Os Seminários CULTNA acontecerão em português, com curadoria conjunta da linha de pesquisa Memória, Áfricas e Escravidão do LABHOI-UFF, em que atuam Hebe Mattos e Martha Abreu, do LABHOI-AFRIKAS-UFJF, coordenado por Hebe Mattos e Fernanda Thomas e de Keila Grinberg, pelo CLAS/Pittsburgh.

No primeiro encontro, na próxima quinta feira, 11 de março, contaremos com a presença de Kim Butler e Petrônio Domingues para discutir o livro Diásporas Imaginadas (Perspectiva, 2020). Já está definida a programação do semestre que divulgamos aqui, reproduzindo o texto da newsletter do CLAS/Pittsburgh, com os links para inscrição.

Cultura Negra no Atlantico (CULTNA) is an initiative that brings together the Laboratório de História Oral e Imagem (LABHOI), at Universidade Federal Fluminense and Universidade Federal de Juiz de Fora, and the Center for Latin American Studies at the University of Pittsburgh. Once a month we will discuss recent work with scholars and students interested in the topic. Discussions will be held in Portuguese.

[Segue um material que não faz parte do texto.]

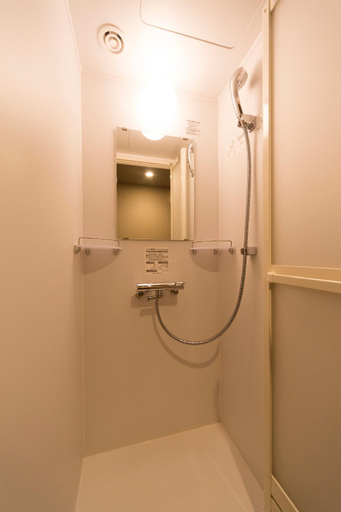 Bathroom 22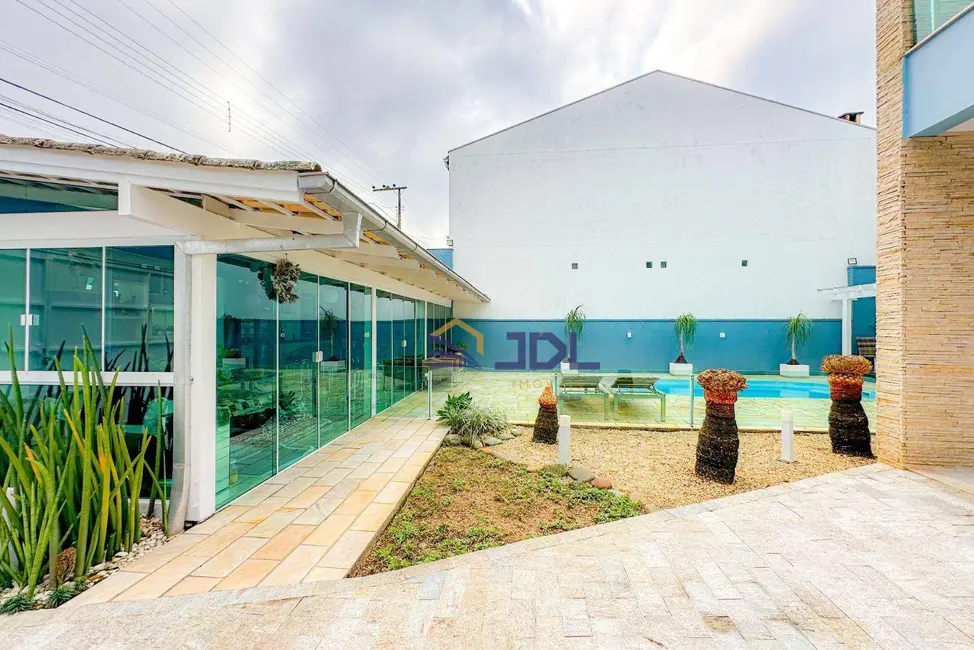 Casa com 3 quartos à venda, 450m2 em Itoupava Norte, Blumenau - SC - imagem 4 Foto 4 de Casa com 3 quartos à venda, 450m2 em Itoupava Norte, Blumenau - SC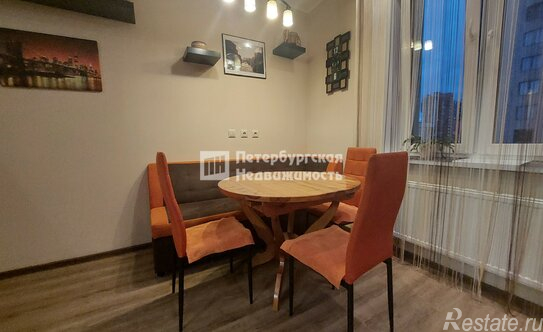 Продажа 3-комн квартиры на вторичном рынке ул Адмирала Коновалова,  д. 2-4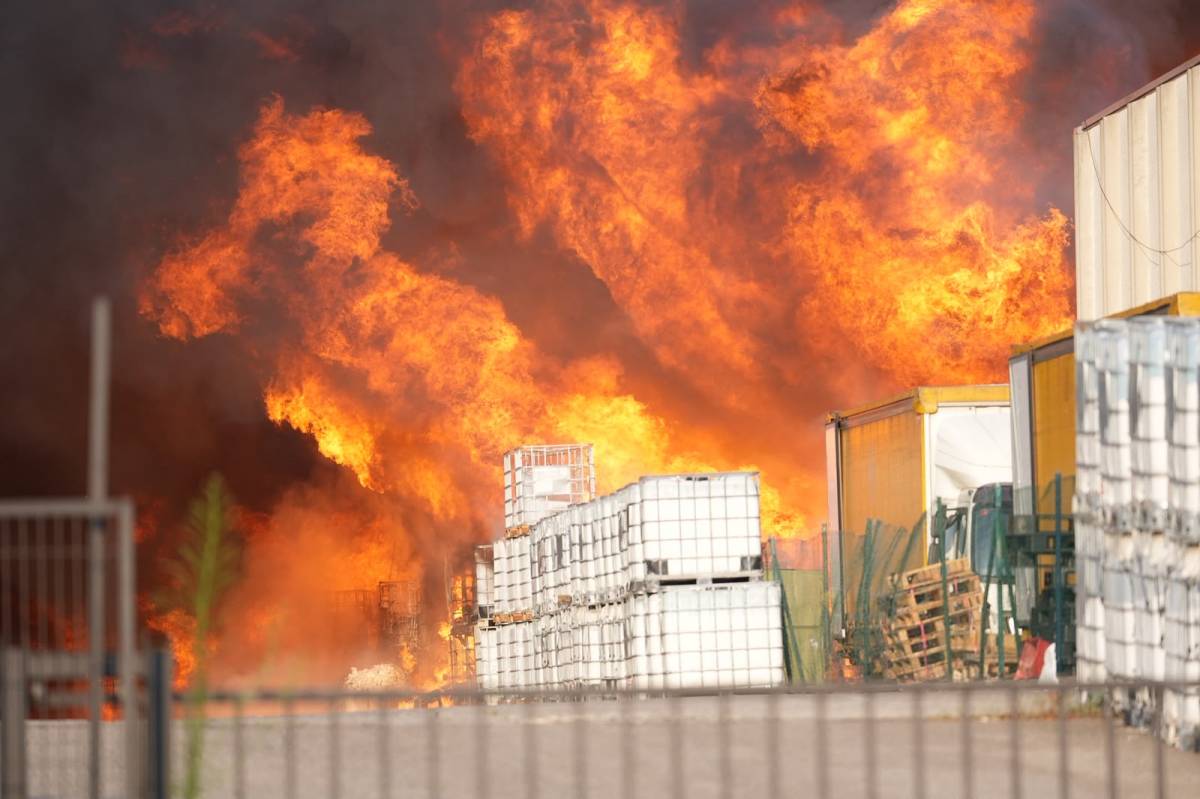 Aparatós incendi en una fàbrica de palets de Sabadell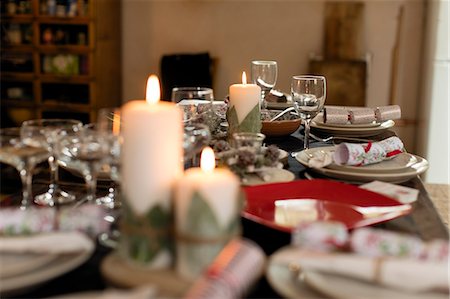 Candles, placesettings and Christmas crackers on table Stock Photo - Premium Royalty-Free, Code: 6113-09144677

Cultura Negra no Atlantico (CULTNA) é uma iniciativa que congrega o Laboratório de História Oral e Imagem (LABHOI) da Universidade Federal Fluminense e da Universidade Federal de Juiz de Fora, e o Center for Latin American Studies da University of Pittsburgh. Uma vez por mês, trabalhos recentes serão debatidos com especialistas e estudantes interessados no tema. As discussões serão realizadas em português. 

Spring 2021 Program

Thursday, March 11th, 4 pm EST // 6 pm Brazil time: “Diásporas imaginadas,” with Kim Butler (Rutgers University) and Petronio Domingues (Universidade Federal do Sergipe)

Thursday, April 1st, 4 pm EST // 6 pm Brazil time: “Descolonizando imaginários e saberes,” with Clement A. Akassi (Howard University)

Thursday, May 13th, 4 pm EST // 6 pm Brazil time: “O massacre dos libertos,” with Matheus Gato (Universidade Estadual de Campinas)

Thursday, June 10th, 4 pm EST // 6 pm Brazil time: “A revolução dos ganhadores,” with João José Reis (Universidade Federal da Bahia)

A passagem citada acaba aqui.